Cuando llega la montaña, a los soñadores como al filósofo Guillaume Martin, como a Sergio Higuita, como a Mikel Landa, como a Enric Mas, les aniquila últimamente una máquina amarilla guiada por un policía alemán insensible y bruto. Así parece que se llegará este martes a Orcières-Merlette, una estación de esquí que en verano se abre a los senderistas, adonde, dicen en su oficina de turismo, llegan más que de ningún otro país visitantes de Bélgica. “Tanto pesa Merckx en nuestra memoria y nuestro orgullo, tan así somos los belgas que peregrinamos como locos para visitar el lugar de su viacrucis, una subida sagrada”, explica el periodista belga que conoce el dato, y se lo dice a los españoles guiñándoles un ojo. Los españoles asienten y suspiran por Ocaña, y bendicen Ociéres-Merlette y maldicen la desgracia de su ciclista.

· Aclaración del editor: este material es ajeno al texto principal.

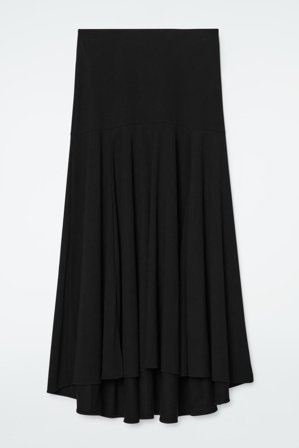 COS Women's Flared Asymmetric Midi Skirt in Black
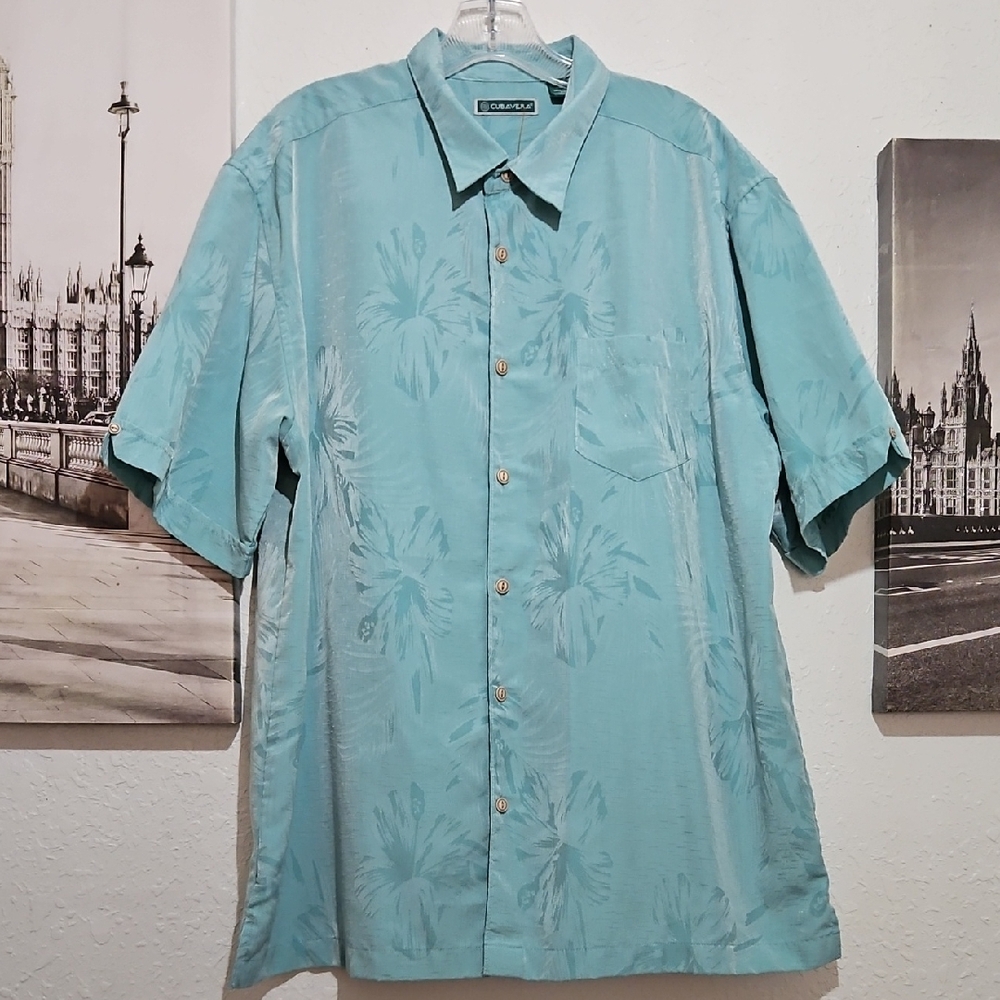 Cubavera Blue Casual Button Down Shirt Relaxed Fit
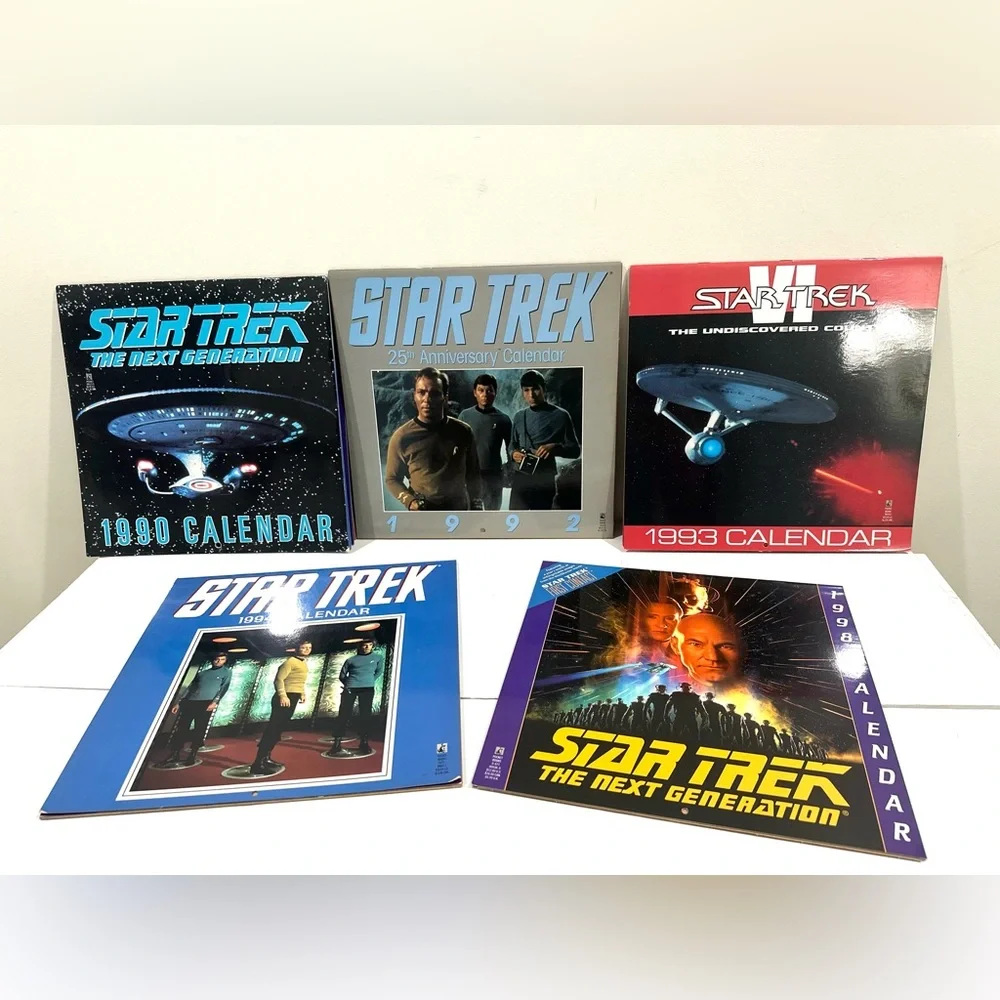 Lot of 5 Vintage Star Trek Original 90s Series Calendars- 90, 92, 93, 94, 98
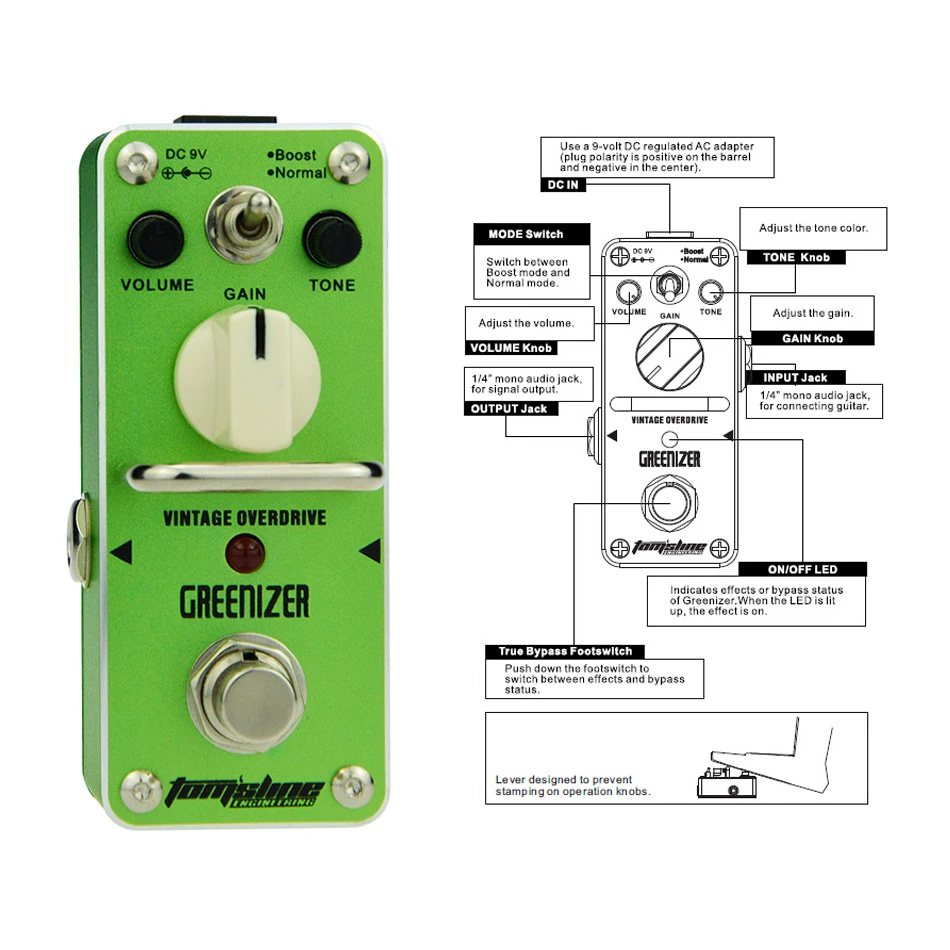 Аромат Tom'sline AGR-3 GREENIZER винтажный Overdrive мини аналоговый эффект, Подлинная обходная цепь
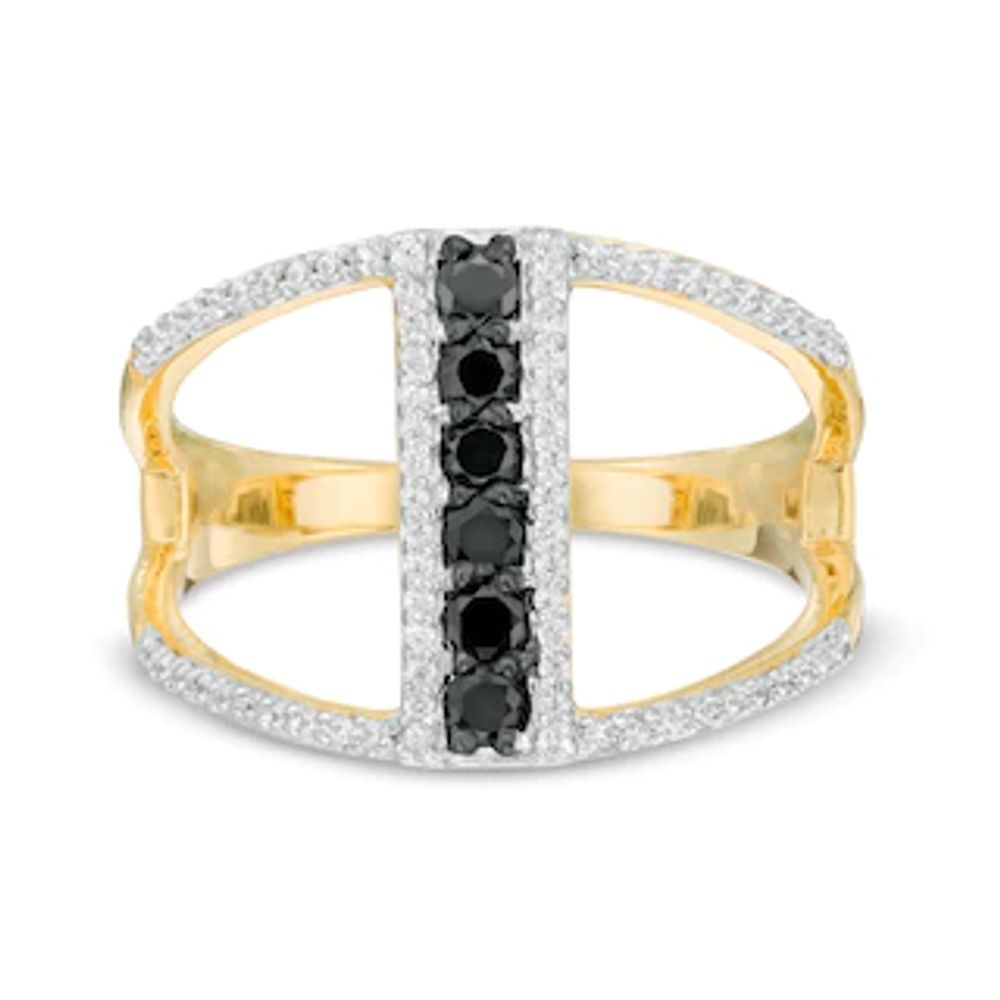 0.45 CT. T.W. Enhanced Black and White Diamond Linear Bar Split Shank Ring in 10K Gold|Peoples Jewellers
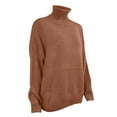 thumbnail image 4 of DuoJiaJ Women's Oversized Fall Sweaters 2025 Casual Long Sleeve Turtleneck Cable Knit Pullover Tops Winter Clothes Brown L, 4 of 4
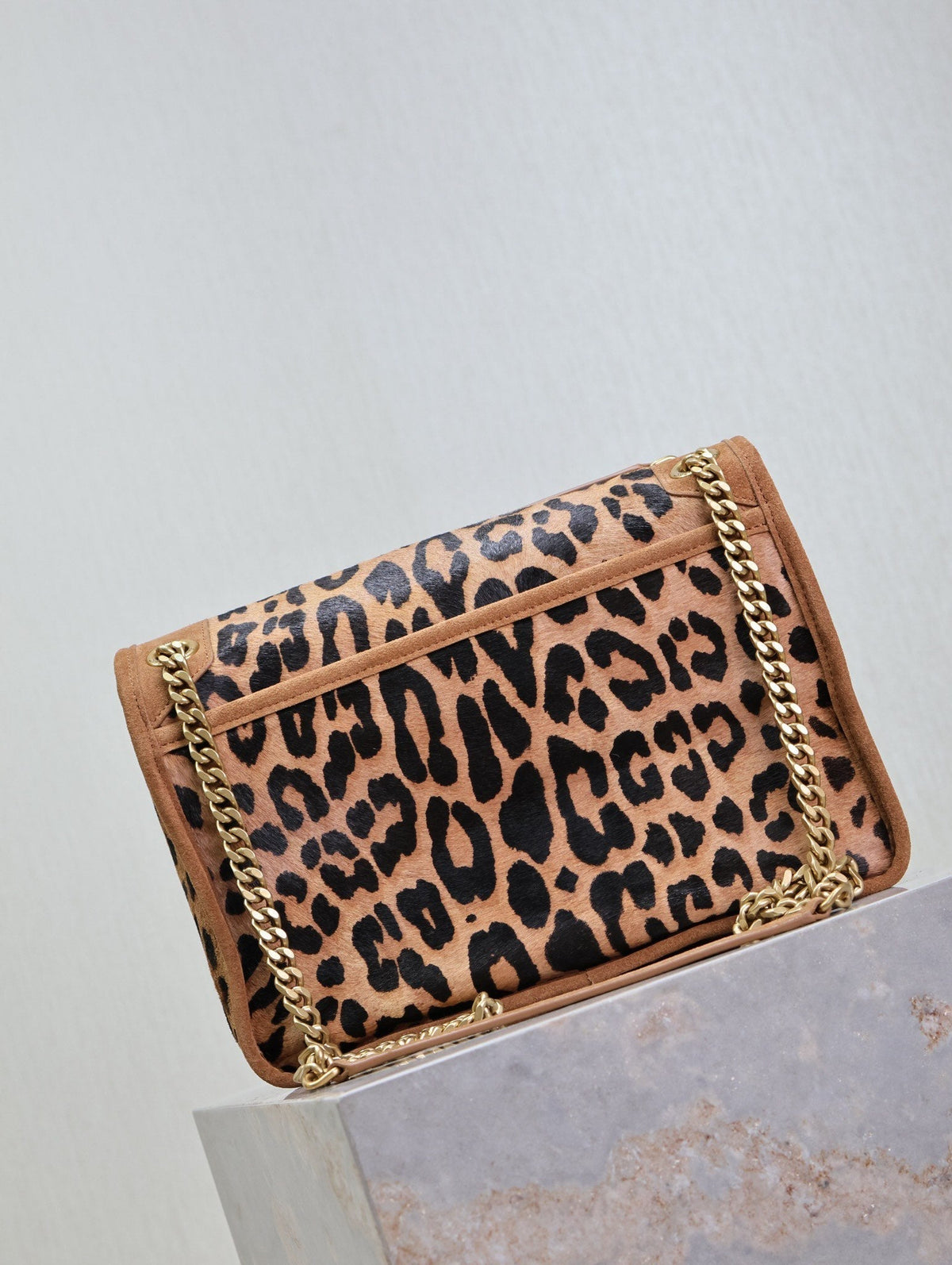 Saint Laurent Niki Medium 28 in Leopard Print Calfskin and Brown Suede Trim Bag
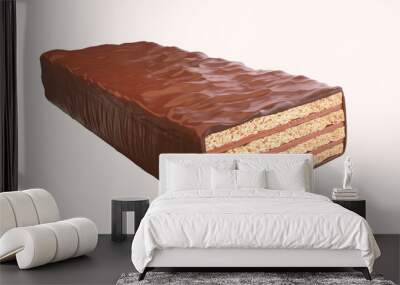 chocolate coated on Crispy wafer bar, Design for Packaging, with Clipping path 3d illustration. Wall mural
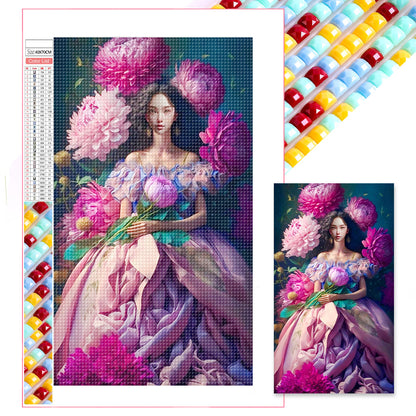 Flower Girl - Full Square Drill Diamond Painting 40*70CM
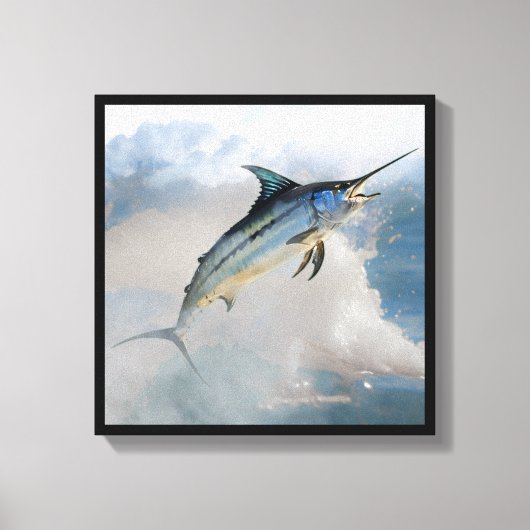 Gespannen canvasprint met springende marlijn canvas afdruk (Voorkant)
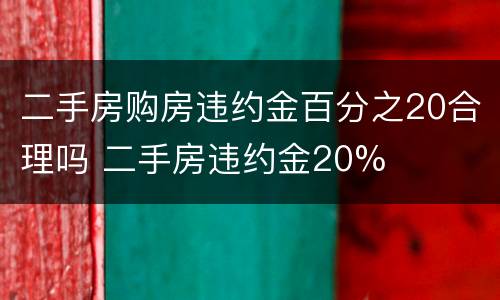 二手房购房违约金百分之20合理吗 二手房违约金20%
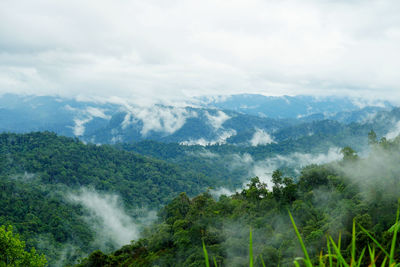 Scenic view of mountains against sky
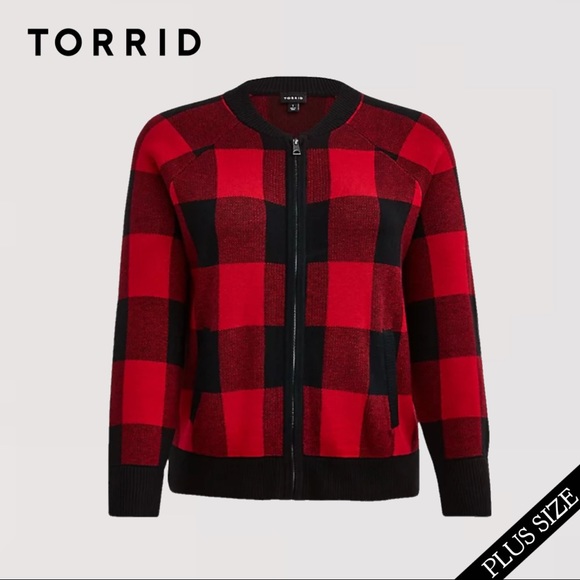 TORRID CARDIGAN ZIP UP BOMBER SWEATER PLAID - Picture 4 of 9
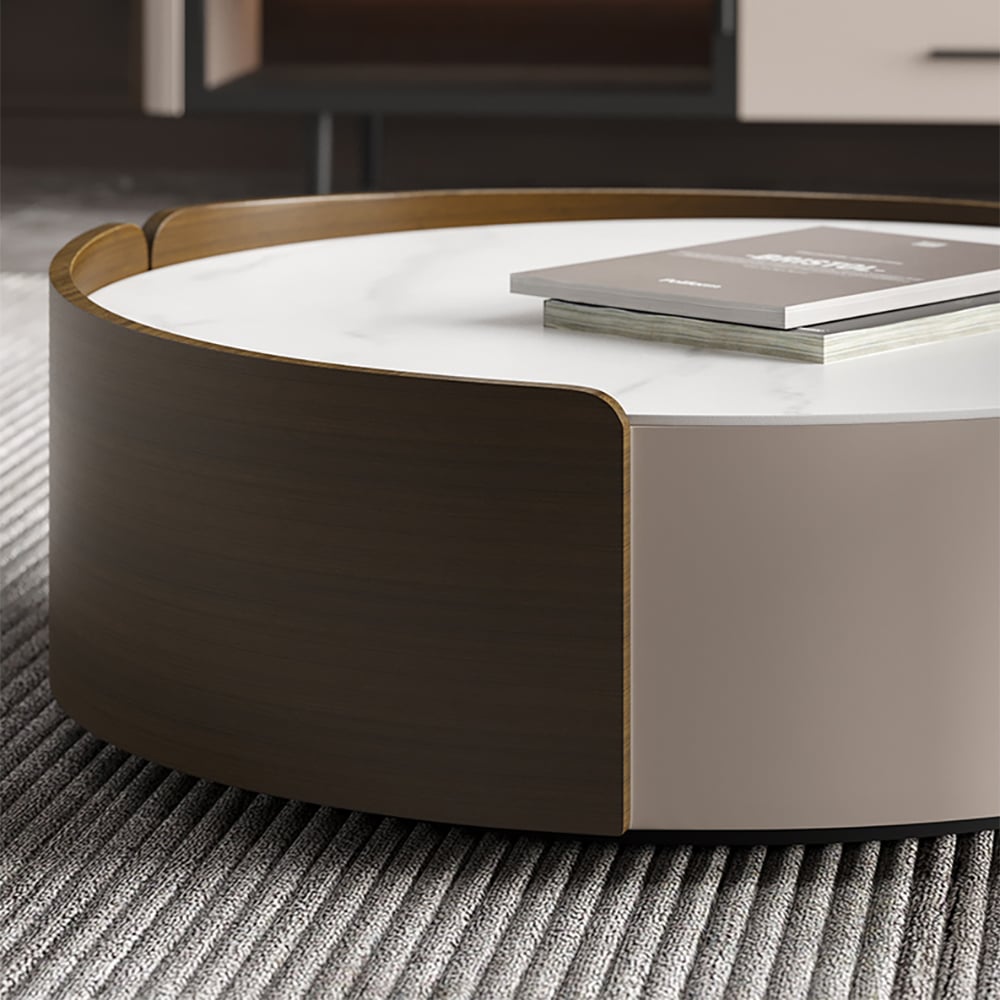 Juego de mesa de centro redonda anidada moderna, tapa de piedra sinterizada blanca, 2 piezas Imagen de ventana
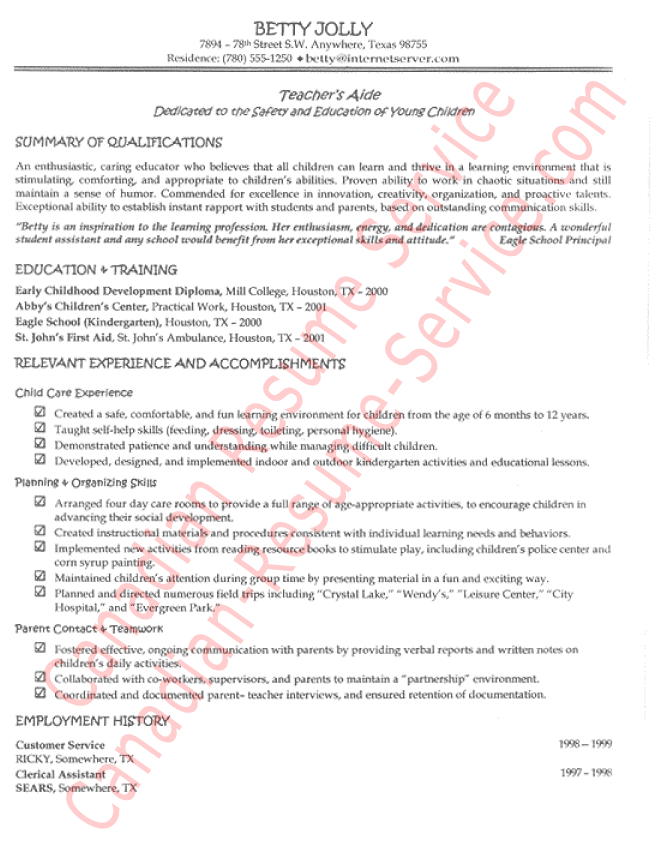 Resume Examples For Teachers Aide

En Orcières-Merlette (y el nombre del lugar, tan complicado, no se ha olvidado nunca entre los viejos aficionados), en 1971, cuando Merckx era el gran emperador de todos los ciclismos, Ocaña, el soñador, desafió su autoridad y a su equipo, la máquina del Molteni. Un día de calor de miedo, con un ataque loco, lejano, imposible, hizo saltar por los aires todos sus engranajes y la moral del caníbal, que llegó a casi nueve minutos y dijo: “Ocaña nos ha matado a todos como el torero mata al toro en la plaza” (pero Ocaña no ganó el Tour porque pocos días después, bajando el col de Menté en los Pirineos, un día de cielo negro, y truenos pavorosos, y carreteras como ríos de barro por una tromba de agua, Ocaña se cayó: se apagó el sol; su maillot amarillo se tiñó de rojo, como la taleguilla de un torero cogido).
El Tour regresa a Orcières-Merlette, y los aficionados sueñan.